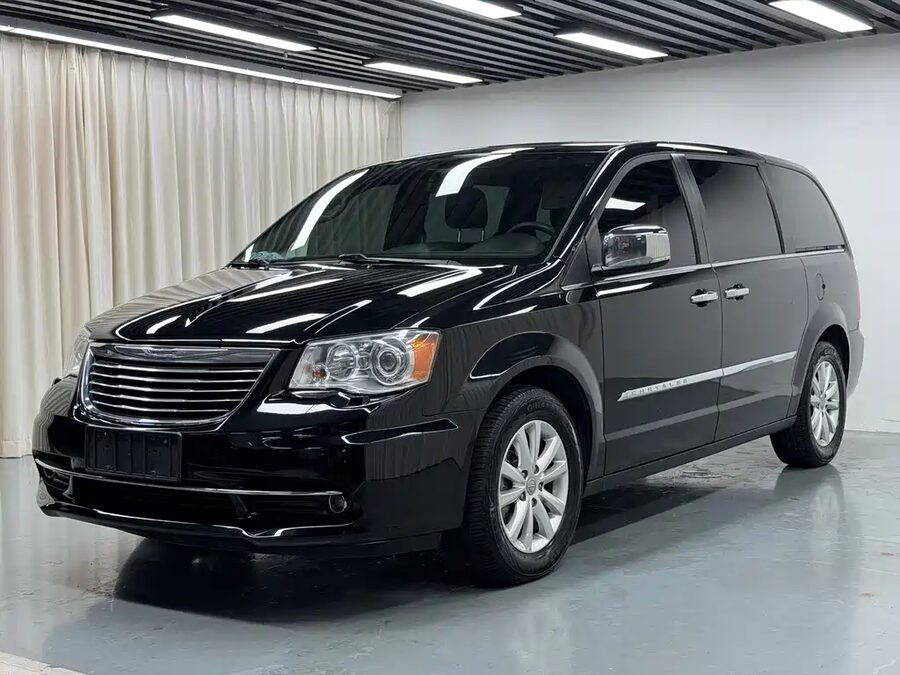 Chrysler Grand Voyager (Import), 2018 — фото продавца с che168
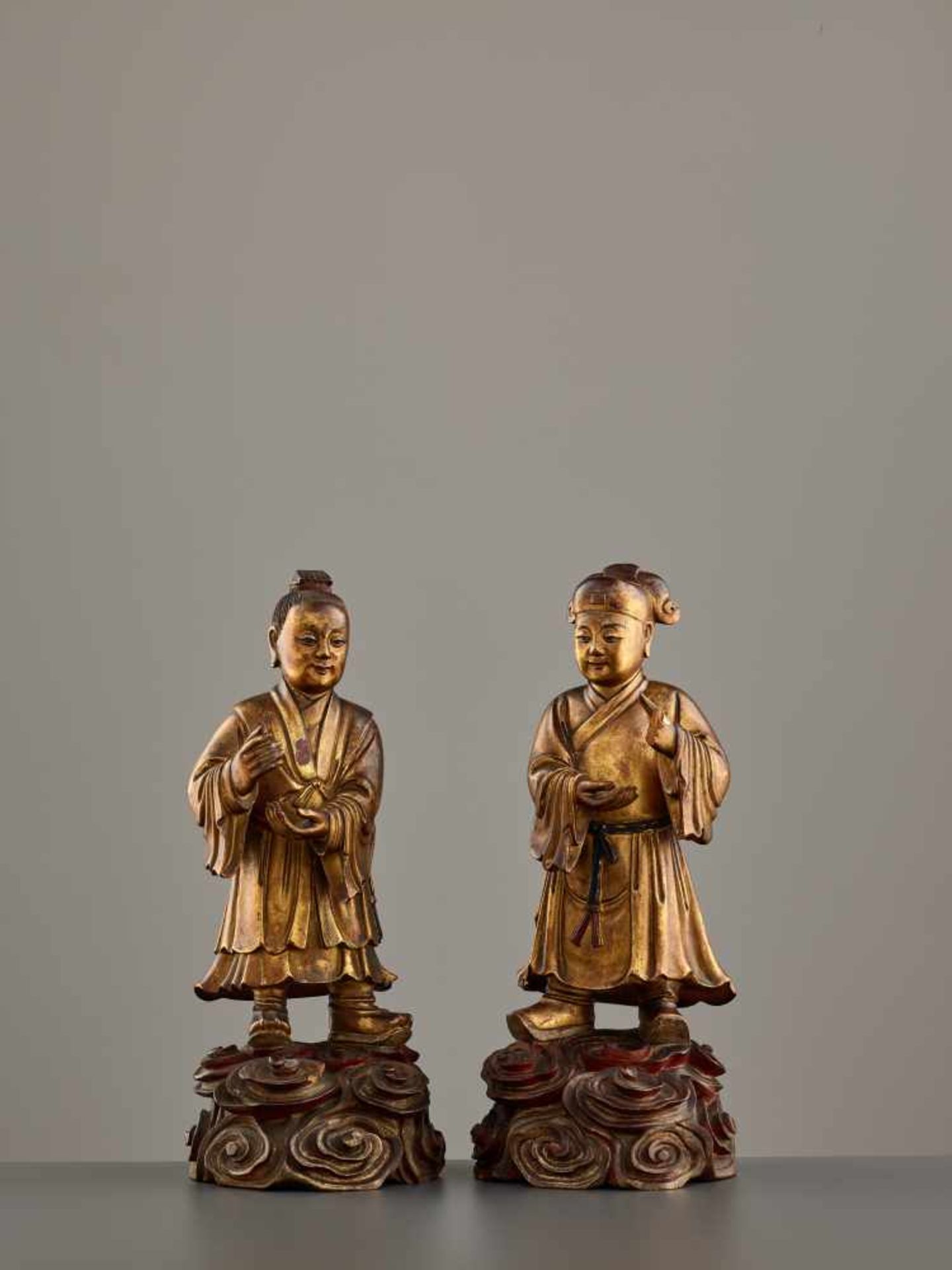 A PAIR OF WOOD AND LACQUER ‘TWIN IMMORTALS OF HARMONY’ FIGURES, 17th – 18th CENTURYEach carved - Image 4 of 13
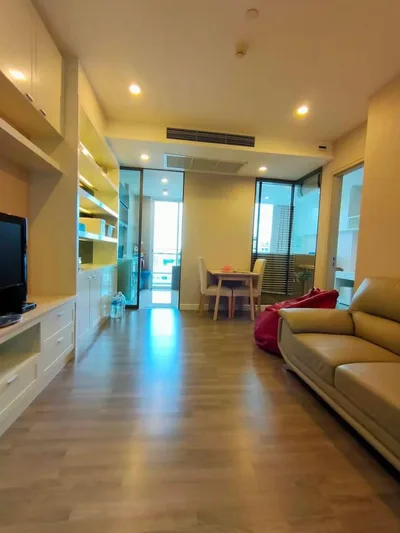 The room Sathorn - TanonPun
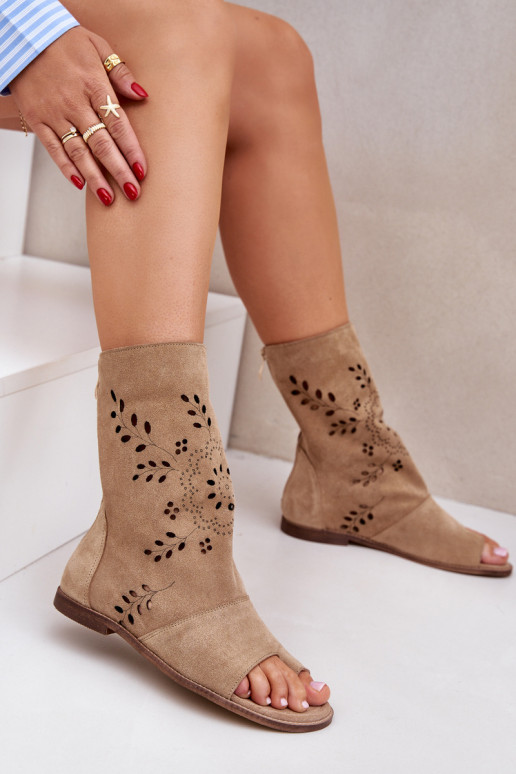 Zazoo 3437 Pealiste omad Seemisnahast kingad madala säärega Lossi juurde beeži värvi Zazoo 3437 Pealiste omad Seemisnahast kingad madala säärega Lossi juurde beeži värvi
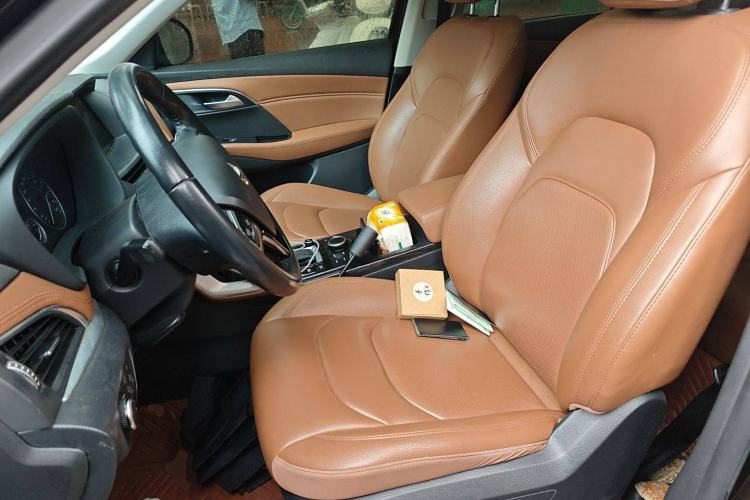 Used BORGWARD BX7 2018 28T Front-Wheel Drive Quality Enjoyment Version 5 Seats China VI Emission Standard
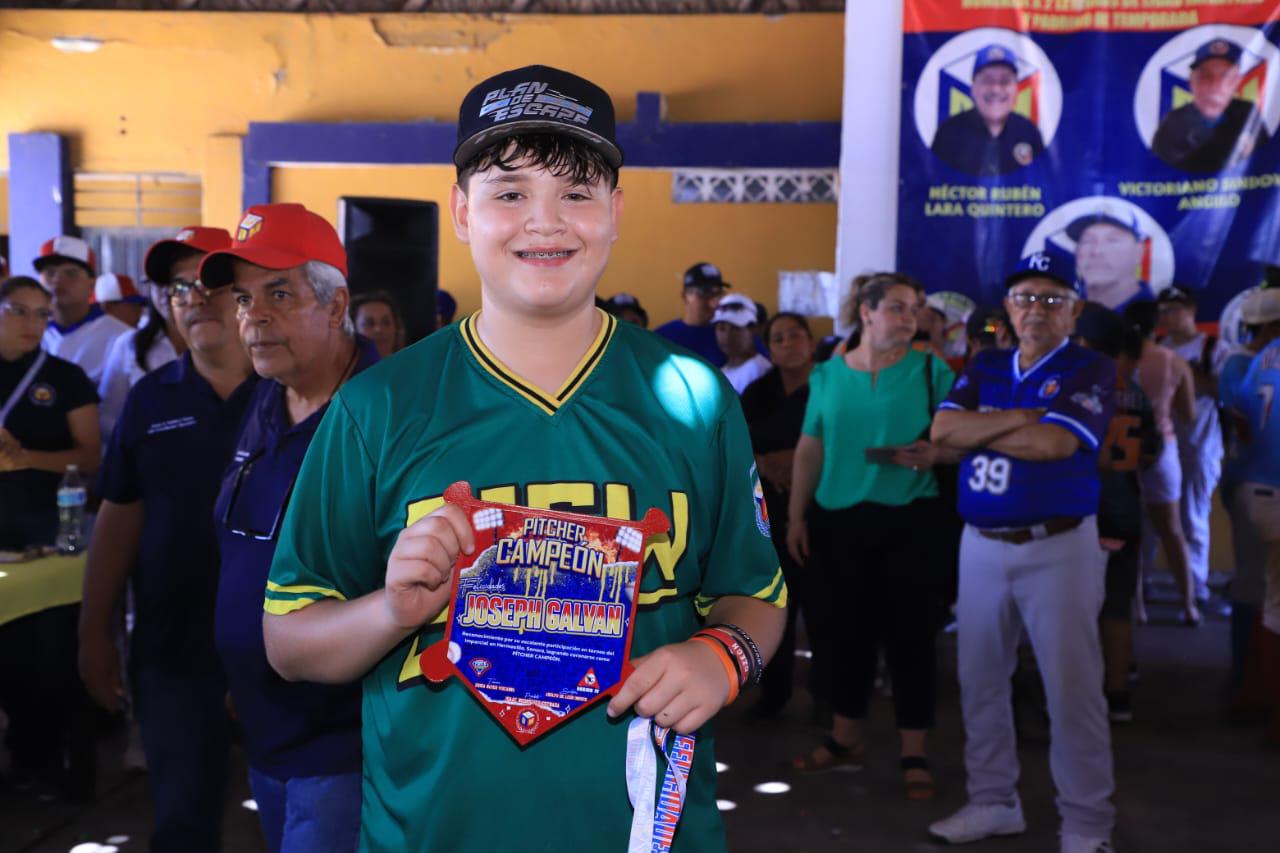 $!Premian a lo mejor del beisbol Infantil y Juvenil del Muralla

§ AIM OF THE EXERCISE
All the records above need to be given again word for word. Skip the pictures.

§ OUTPUT OF THE EXERCISE
 Chrysler Grand Voyager (Import), 2018 — фото продавца с che168
 A PAIR OF WOOD AND LACQUER ‘TWIN IMMORTALS OF HARMONY’ FIGURES, 17th – 18th CENTURYEach carved - Image 4 of 13
 The room Sathorn - TanonPun
 Zazoo 3437 Pealiste omad Seemisnahast kingad madala säärega Lossi juurde beeži värvi Zazoo 3437 Pealiste omad Seemisnahast kingad madala säärega Lossi juurde beeži värvi
 Used BORGWARD BX7 2018 28T Front-Wheel Drive Quality Enjoyment Version 5 Seats China VI Emission Standard
 $!Premian a lo mejor del beisbol Infantil y Juvenil del Muralla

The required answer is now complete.